Dataset entries:
============================================================

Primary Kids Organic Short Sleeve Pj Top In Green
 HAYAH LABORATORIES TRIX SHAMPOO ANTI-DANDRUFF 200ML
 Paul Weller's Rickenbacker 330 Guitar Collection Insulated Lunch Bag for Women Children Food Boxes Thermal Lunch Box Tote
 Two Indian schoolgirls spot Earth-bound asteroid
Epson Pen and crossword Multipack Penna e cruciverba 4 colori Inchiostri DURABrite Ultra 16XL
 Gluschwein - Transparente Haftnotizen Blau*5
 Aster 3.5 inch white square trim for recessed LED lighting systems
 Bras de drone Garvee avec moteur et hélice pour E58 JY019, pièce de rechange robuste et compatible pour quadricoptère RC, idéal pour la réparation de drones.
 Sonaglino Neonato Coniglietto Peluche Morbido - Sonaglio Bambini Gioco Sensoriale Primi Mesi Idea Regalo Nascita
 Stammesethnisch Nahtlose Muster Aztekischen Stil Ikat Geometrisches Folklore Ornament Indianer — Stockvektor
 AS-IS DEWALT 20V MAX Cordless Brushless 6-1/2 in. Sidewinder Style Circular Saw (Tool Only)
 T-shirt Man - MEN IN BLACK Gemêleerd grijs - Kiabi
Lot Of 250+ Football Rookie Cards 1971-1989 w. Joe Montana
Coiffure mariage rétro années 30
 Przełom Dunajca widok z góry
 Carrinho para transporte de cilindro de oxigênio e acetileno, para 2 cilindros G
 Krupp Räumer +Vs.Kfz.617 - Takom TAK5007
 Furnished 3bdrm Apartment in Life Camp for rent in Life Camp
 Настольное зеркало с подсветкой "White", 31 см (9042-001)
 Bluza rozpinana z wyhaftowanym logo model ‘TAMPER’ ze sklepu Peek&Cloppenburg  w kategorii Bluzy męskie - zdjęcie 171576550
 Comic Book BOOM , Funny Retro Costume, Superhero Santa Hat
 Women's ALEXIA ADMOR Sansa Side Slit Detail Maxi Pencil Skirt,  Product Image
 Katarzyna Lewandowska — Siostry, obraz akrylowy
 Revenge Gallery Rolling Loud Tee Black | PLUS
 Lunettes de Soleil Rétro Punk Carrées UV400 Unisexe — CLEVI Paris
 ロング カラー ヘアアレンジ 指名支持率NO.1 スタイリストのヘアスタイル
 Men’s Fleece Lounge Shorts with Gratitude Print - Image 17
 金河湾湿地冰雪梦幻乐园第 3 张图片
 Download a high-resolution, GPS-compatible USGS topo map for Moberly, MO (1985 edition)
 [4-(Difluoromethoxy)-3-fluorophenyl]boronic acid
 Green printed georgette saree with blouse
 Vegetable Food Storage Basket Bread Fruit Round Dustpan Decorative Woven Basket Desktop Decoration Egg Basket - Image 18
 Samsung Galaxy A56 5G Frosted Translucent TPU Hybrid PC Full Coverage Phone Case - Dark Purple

============================================================

• [Work request]: Only output the lines from the one with "Green printed georgette saree with blouse" through the end of the entries above, exactly as they are.

• [The answer]:
 Green printed georgette saree with blouse
 Vegetable Food Storage Basket Bread Fruit Round Dustpan Decorative Woven Basket Desktop Decoration Egg Basket - Image 18
 Samsung Galaxy A56 5G Frosted Translucent TPU Hybrid PC Full Coverage Phone Case - Dark Purple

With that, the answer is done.